Per ovviare a questa situazione la Banca Popolare cinese ha svalutato in tre volte, una decina di giorni fa, lo yuan, per un totale del 5%. L'obiettivo era quello di sostenere l'economia, quindi limitare gli effetti dello scoppio della bolla azionaria sull'economia reale, sostenendo le esportazioni. La banca centrale cinese ha cercato di bilanciare la minore domanda interna (diminuita per via della mancanza di capitali a seguito della bolla) con un incremento delle vendite all'estero. Questo ha creato tensioni a livello internazionale, perché una svalutazione competitiva altera in modo unilaterale gli equilibri sui mercati globali e di fatto probabilmente non basta a risolvere il problema della diminuzione di domanda interna.
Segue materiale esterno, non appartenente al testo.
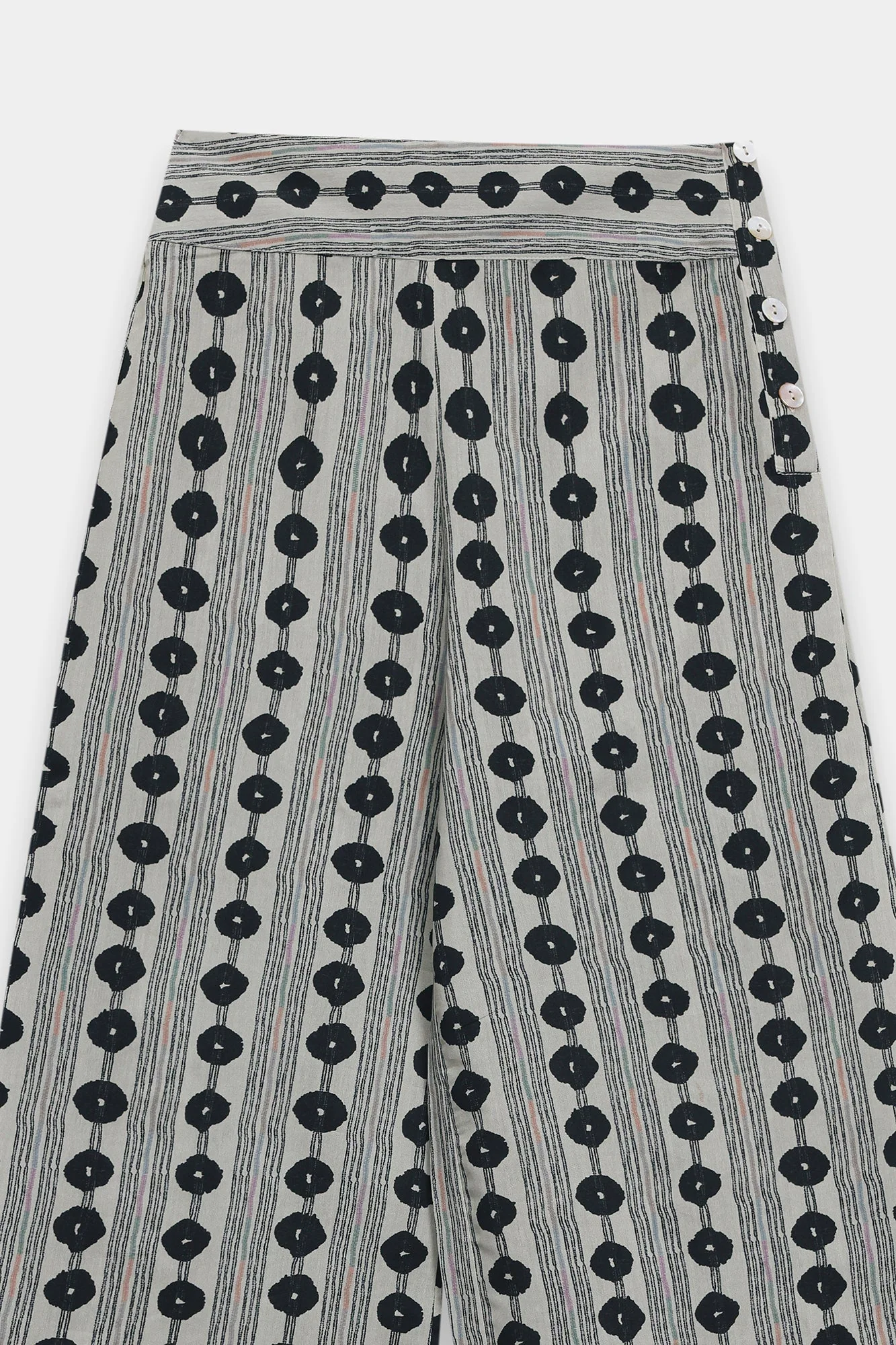 EMBROIDERED SUIT (E0706/119/006) - Image 11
Questo ci fa capire che la crisi non sarà solo cinese, ma globale, proprio mentre il mondo occidentale sta riemergendo dalla crisi che data dal 2008. 

È dunque una situazione simile a quella che abbiamo già vissuto e che ci ha insegnato comunque qualcosa. Da un lato urge un controllo sui mercati finanziari globali: non serve adottare misure contro la speculazione in Europa se lo stesso non avviene in Cina. I mercati sono globali e la risposta deve essere globale. Inoltre, è fondamentale la politica della banca centrale: infatti politiche monetarie espansive consentono di limitati gli effetti sull'economia reale e di uscire prima dalla crisi. È il Quantitative easing adottato da subito dalla Fed e nel 2015 anche dalla Bce. Si tratta di un'iniezione di massa monetaria, di liquidità insomma, che fa leva sulla domanda interna con politiche monetarie espansive e non su quella esterna su cui agisce la svalutazione. Questo consente alla banche di rispondere alla richiesta di finanziamento da parte delle imprese e delle persone, che sono invece messe alle strette prima dalla riduzione dei capitali (per effetto della crisi delle borse) e poi per la mancanza di ordine (per effetto della minore domanda interna).

Resta da capire se la banca centrale cinese lo farà e agirà in modo concertato con le principali banche centrali e istituzioni monetarie internazionali. È questa la nuova partita che stiamo giocando, quando non è ancora terminata quella relativa al salvataggio della Grecia.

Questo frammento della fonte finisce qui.